SSH timeout in seconds

None

Returns:

Type Description
QueueResult

QueueResult with list of parsed JobStatus

wait(job_id: int, host: str, poll_interval: float = 10.0, timeout: float | None = None) -> JobInfoResult

Wait for a SLURM job to complete.

Parameters:

Name Type Description Default
job_id int

SLURM job ID

required
host str

SSH host with SLURM access

required
poll_interval float

Seconds between status checks

10.0
timeout float | None

Total timeout in seconds (None = wait forever)

None

Returns:

Type Description
JobInfoResult

JobInfoResult with final job state

partitions(host: str, timeout: float | None = None) -> list[PartitionInfo]

List all SLURM partitions.

Parameters:

Name Type Description Default
host str

SSH host with SLURM access

required
timeout float | None

SSH timeout in seconds

None

Returns:

Type Description
list[PartitionInfo]

List of PartitionInfo

partition_nodes(partition: str, host: str, timeout: float | None = None) -> list[str]

List all nodes in a SLURM partition.

Parameters:

Name Type Description Default
partition str

Partition name

required
host str

SSH host with SLURM access

required
timeout float | None

SSH timeout in seconds

None

Returns:

Type Description
list[str]

List of node names

node_info(nodename: str, host: str, timeout: float | None = None) -> NodeInfo | None

Get detailed info about a SLURM node.

Parameters:

Name Type Description Default
nodename str

Name of the node

required
host str

SSH host with SLURM access

required
timeout float | None

SSH timeout in seconds

None

Returns:

Type Description
NodeInfo | None

NodeInfo or None if node not found

nodes_info(nodenames: list[str], host: str, timeout: float | None = None) -> dict[str, NodeInfo]
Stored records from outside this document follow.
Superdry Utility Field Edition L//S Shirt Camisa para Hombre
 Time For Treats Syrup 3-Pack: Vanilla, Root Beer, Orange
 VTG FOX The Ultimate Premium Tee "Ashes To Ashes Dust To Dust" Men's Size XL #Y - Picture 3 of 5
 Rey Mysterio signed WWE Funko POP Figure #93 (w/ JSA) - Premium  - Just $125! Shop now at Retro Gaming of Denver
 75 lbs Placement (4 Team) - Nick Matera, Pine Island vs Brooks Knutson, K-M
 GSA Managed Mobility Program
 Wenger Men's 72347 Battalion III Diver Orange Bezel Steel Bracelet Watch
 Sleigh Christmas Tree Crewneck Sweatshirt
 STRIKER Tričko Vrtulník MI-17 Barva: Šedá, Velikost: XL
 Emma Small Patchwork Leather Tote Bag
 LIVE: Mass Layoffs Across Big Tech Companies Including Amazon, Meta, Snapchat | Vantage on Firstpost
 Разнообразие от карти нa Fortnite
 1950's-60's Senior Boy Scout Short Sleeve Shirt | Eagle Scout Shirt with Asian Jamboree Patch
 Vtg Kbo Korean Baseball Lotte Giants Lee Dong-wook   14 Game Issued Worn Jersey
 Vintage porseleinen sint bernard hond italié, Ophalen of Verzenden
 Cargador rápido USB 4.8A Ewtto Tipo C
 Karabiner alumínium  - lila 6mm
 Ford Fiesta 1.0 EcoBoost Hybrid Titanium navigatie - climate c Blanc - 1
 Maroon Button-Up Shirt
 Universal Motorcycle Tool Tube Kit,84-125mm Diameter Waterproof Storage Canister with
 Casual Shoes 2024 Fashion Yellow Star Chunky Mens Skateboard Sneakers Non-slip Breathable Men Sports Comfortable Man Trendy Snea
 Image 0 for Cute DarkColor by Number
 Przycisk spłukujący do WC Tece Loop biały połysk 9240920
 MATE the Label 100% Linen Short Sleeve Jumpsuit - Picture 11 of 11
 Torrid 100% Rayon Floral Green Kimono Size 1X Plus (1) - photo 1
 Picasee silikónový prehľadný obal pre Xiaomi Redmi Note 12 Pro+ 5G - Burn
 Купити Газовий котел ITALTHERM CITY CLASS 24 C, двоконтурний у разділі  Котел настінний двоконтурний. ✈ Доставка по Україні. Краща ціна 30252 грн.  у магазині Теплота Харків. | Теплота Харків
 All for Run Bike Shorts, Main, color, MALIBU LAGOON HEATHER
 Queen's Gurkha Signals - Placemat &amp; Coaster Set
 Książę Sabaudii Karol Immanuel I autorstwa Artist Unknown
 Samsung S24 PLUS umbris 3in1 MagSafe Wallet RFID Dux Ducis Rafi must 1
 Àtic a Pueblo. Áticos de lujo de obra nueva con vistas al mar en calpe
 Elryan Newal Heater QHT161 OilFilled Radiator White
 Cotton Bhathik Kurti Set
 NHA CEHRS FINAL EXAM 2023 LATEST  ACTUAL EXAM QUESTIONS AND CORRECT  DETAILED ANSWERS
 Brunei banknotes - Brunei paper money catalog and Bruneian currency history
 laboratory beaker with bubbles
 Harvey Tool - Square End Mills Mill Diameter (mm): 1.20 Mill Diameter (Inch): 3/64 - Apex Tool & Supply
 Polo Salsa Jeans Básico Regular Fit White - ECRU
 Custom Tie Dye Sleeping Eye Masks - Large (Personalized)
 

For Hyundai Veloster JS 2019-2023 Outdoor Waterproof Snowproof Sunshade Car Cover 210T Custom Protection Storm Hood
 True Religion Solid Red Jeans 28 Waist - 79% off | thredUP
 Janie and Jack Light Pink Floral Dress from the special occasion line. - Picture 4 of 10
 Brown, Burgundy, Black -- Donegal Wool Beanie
Get info about multiple nodes in parallel.

Parameters:

Name Type Description Default
nodenames list[str]

List of node names

required
host str

SSH host with SLURM access

required
timeout float | None

SSH timeout per node

None

Returns:

Type Description
dict[str, NodeInfo]

Dict mapping nodename -> NodeInfo (excludes failed lookups)

available_gpus(partition: str, host: str, gpu_type: str | None = None, timeout: float | None = None) -> list[tuple[str, int]]

Find nodes with available GPUs in a partition.

Uses a single sinfo command to get all node GPU info efficiently, avoiding rate limits from multiple SSH connections.

Parameters:

Name Type Description Default
partition str

Partition name

required
host str

SSH host with SLURM access

required
gpu_type str | None

Optional GPU type filter (e.g., "a100")

None
timeout float | None

SSH timeout

None

Returns:

Type Description
list[tuple[str, int]]

List of (nodename, available_gpu_count) tuples, sorted by availability descending

first_node_from_nodelist(nodelist: str) -> str | None

Get first hostname from a SLURM nodelist expression.

wait_until_running(job_id: int, host: str, poll_interval: float = 10.0, timeout: float | None = None) -> tuple[str | None, StatusResult]

Wait until a job is running and return the first allocated hostname.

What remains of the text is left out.